(WORK INSTRUCTIONS): Your answer must consist of the records exactly as given, with no pictures included.

::: DATA

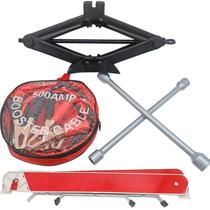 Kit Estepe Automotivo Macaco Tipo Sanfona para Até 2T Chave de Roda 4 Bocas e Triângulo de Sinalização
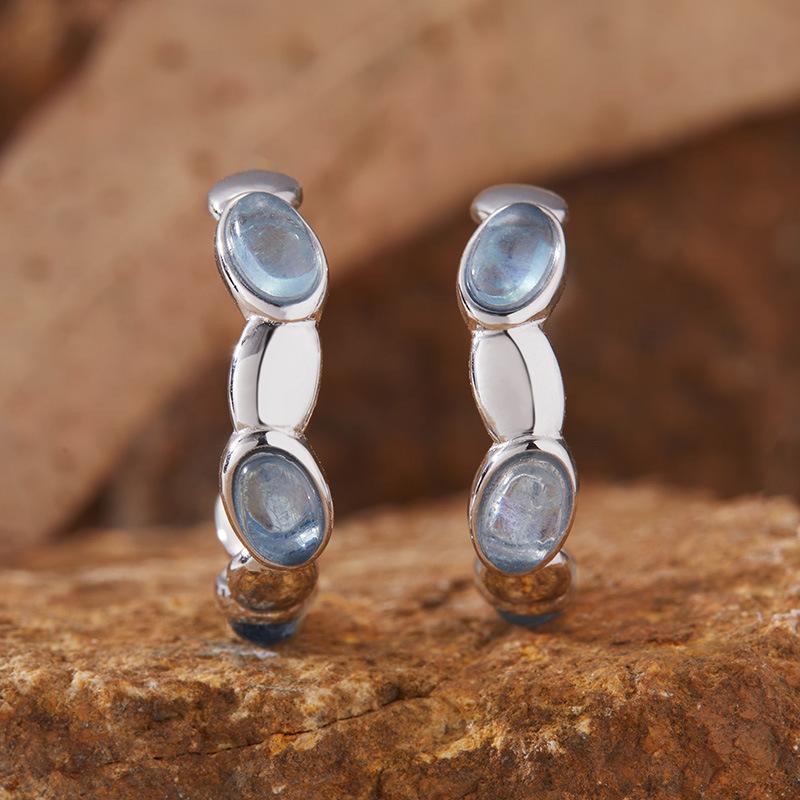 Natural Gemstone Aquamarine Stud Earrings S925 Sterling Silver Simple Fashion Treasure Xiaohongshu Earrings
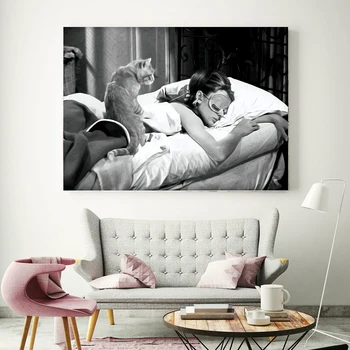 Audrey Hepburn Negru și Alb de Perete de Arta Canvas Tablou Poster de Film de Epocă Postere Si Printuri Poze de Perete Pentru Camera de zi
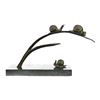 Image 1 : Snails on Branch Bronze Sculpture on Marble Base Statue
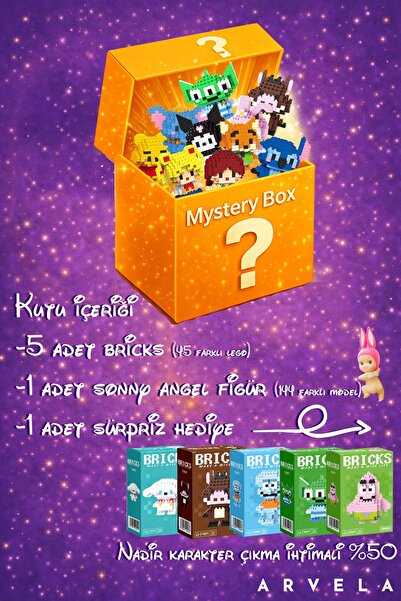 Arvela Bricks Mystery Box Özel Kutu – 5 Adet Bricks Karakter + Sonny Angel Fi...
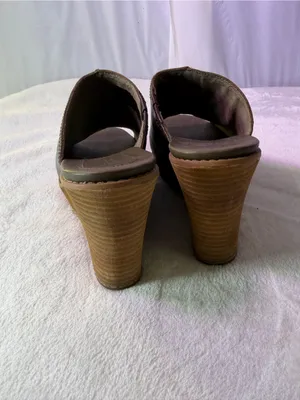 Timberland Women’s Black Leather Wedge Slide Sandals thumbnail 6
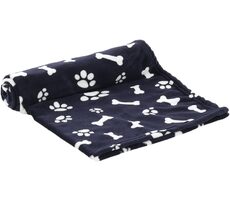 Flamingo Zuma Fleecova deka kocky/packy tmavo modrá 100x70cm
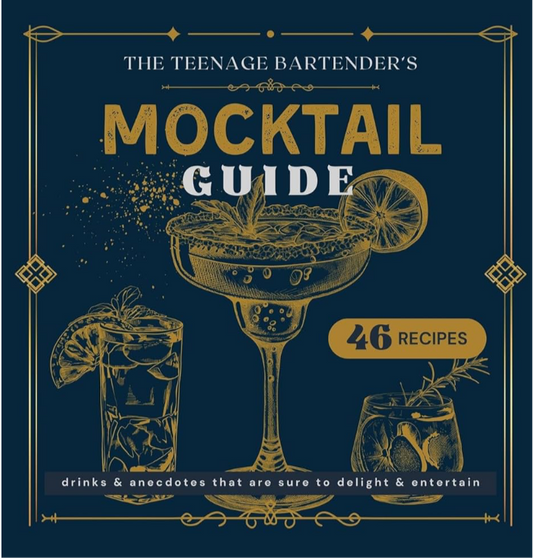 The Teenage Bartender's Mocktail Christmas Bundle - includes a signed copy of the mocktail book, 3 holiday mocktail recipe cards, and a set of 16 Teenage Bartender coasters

::::::

(EXPECTED OUTPUT):
 Kit Estepe Automotivo Macaco Tipo Sanfona para Até 2T Chave de Roda 4 Bocas e Triângulo de Sinalização
 Natural Gemstone Aquamarine Stud Earrings S925 Sterling Silver Simple Fashion Treasure Xiaohongshu Earrings
 Audrey Hepburn Negru și Alb de Perete de Arta Canvas Tablou Poster de Film de Epocă Postere Si Printuri Poze de Perete Pentru Camera de zi
 Image 1 : Snails on Branch Bronze Sculpture on Marble Base Statue
 Arvela Bricks Mystery Box Özel Kutu – 5 Adet Bricks Karakter + Sonny Angel Fi...
 Timberland Women’s Black Leather Wedge Slide Sandals thumbnail 6
 Flamingo Zuma Fleecova deka kocky/packy tmavo modrá 100x70cm
 The Teenage Bartender's Mocktail Christmas Bundle - includes a signed copy of the mocktail book, 3 holiday mocktail recipe cards, and a set of 16 Teenage Bartender coasters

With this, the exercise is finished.